Precured laminates undergoing secondary bonding usually have a thin nylon or fiberglass peel ply cured onto the bonding surfaces. While the peel ply sometimes hampers nondestructive inspection of the precured laminate, it has been found to be the most effective means of ensuring surface cleanliness prior to bonding. When the peel ply is stripped away, a pristine surface becomes available. Light scuff sanding removes high resin peak impressions produced by the peel ply weave which, if they fracture, create cracks in the bondline.

Composite materials can be used to structurally repair, restore, or enhance aluminum, steel, and titanium components. Bonded composite doublers have the ability to slow or stop fatigue crack growth, replace lost structural area due to corrosion grind-outs, and structurally enhance areas with small and negative margins. This technology has often been referred to as a combination of metal bonding and conventional on-aircraft composite bonded repair. Boron prepreg tape with an epoxy resin is most often used for this application.


In the co-bonding process, one of the detail parts is precured with the mating part being cured simultaneously with the adhesive. Film adhesive is often used to improve peel strength.

Layup Process (Typical Laminated Wet Layup)

Layup Techniques

Read the SRM and determine the correct repair material, number of plies required for the repair, and the ply orientation. Dry the part, remove the damage, and taper sand the edges of damaged area. Use a piece of thin plastic, and trace the size of each repair ply from the damaged area. Indicate the ply orientation of each ply on the trace sheet. Copy the repair ply information to a piece of repair material that is large enough to cut all plies.
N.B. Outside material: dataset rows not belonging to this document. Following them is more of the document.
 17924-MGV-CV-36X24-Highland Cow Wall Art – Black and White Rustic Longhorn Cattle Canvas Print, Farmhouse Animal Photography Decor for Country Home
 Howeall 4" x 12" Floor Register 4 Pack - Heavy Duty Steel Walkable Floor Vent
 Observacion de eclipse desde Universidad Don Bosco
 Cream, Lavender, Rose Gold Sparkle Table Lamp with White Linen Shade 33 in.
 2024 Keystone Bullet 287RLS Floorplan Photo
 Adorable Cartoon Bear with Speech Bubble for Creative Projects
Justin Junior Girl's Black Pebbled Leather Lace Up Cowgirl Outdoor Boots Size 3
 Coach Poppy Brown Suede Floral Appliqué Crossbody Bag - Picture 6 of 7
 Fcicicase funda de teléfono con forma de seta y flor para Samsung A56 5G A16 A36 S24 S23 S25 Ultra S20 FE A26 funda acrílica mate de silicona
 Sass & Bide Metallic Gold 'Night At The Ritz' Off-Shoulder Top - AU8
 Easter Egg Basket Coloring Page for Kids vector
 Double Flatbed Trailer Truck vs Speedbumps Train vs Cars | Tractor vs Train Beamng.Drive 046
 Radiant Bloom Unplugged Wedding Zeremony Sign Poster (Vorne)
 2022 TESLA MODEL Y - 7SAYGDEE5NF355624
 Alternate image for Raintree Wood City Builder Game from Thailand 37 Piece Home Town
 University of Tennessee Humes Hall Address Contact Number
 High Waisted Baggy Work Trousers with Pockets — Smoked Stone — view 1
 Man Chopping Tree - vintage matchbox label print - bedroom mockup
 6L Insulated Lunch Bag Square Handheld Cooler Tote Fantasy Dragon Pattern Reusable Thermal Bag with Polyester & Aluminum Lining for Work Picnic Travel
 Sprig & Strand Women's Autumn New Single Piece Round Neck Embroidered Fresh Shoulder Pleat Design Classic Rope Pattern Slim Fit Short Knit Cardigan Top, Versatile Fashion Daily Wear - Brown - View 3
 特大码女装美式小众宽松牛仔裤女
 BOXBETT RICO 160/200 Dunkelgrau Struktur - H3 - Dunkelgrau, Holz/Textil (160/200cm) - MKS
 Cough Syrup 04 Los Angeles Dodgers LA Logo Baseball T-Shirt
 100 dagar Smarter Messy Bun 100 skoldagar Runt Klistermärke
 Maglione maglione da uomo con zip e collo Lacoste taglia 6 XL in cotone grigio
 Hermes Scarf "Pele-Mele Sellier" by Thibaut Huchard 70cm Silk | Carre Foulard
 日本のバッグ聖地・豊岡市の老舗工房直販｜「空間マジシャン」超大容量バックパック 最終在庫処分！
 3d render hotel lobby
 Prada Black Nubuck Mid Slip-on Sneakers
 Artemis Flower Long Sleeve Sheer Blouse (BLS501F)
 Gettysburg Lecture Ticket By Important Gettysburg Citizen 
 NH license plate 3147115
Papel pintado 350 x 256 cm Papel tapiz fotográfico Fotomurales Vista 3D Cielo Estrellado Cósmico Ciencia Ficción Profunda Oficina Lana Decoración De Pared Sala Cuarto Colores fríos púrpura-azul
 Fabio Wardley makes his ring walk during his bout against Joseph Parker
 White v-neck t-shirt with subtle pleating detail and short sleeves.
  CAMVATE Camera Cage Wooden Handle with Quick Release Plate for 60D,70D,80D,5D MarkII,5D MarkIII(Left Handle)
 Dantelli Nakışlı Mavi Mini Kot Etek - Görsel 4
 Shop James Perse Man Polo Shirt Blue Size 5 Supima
Impregnate the repair material with resin, place a piece of transparent release film over the fabric, cut out the plies, and lay up the plies in the damaged area. The plies are usually placed using the smallest ply first taper layup sequence, but an alternative method is to use the largest ply first layup sequence. In this sequence, the first layer of reinforcing fabric completely covers the work area, followed by successively smaller layers, and then is finished with an extra outer layer or two extending over the patch and onto the sound laminate for some distance. Both methods are illustrated in Figures 3 and 4.

Repair of Aircraft Composite Structures and Components
Figure 3. Repair layup process

Repair of Aircraft Composite Structures and Components
Figure 4. Different layup techniques

Bleedout Technique

The traditional bleedout using a vacuum bag technique places a perforated release film and a breather/bleeder ply on top of the repair. The holes in the release film allow air to breath and resin to bleed off over the entire repair area. The amount of resin bled off depends on the size and number of holes in the perforated release film, the thickness of the bleeder/ breather cloth, the resin viscosity and temperature, and the vacuum pressure.

Controlled bleed allows a limited amount of resin to bleed out in a bleeder ply. Place a piece of perforated release film on top of the prepreg material, a bleeder ply on top of the perforated release film, and a solid release film on top of the bleeder. Use a breather and a vacuum bag to compact the repair. The breather allows the air to escape. The bleeder can only absorb a limited amount of resin, and the amount of resin that is bled can be controlled by using multiple bleeder plies. Too many bleeder plies can result in a resin-starved repair. Always consult the maintenance manual or manufacturer tech sheets for correct bagging and bleeding techniques.

No Bleedout

Prepreg systems with 32 to 35 percent resin content are typically no-bleed systems. These prepregs contain exactly the amount of resin needed in the cured laminate; therefore, resin bleedoff is not desired. Bleedout of these prepregs results in a resin-starved repair or part. Many high-strength prepregs in use today are no-bleed systems. No bleeder is used, and the resin is trapped/sealed so that none bleeds away. Consult the maintenance manual to determine if bleeder plies are required for the repair. A sheet of solid release film (no holes) is placed on top of the prepreg and taped off at the edges with flash tape. Small openings are created at the edges of the tape so that air can escape. A breather and vacuum bag are installed to compact the prepreg plies. The air can escape on the edge of the repair but no resin can bleed out. [Figure 5]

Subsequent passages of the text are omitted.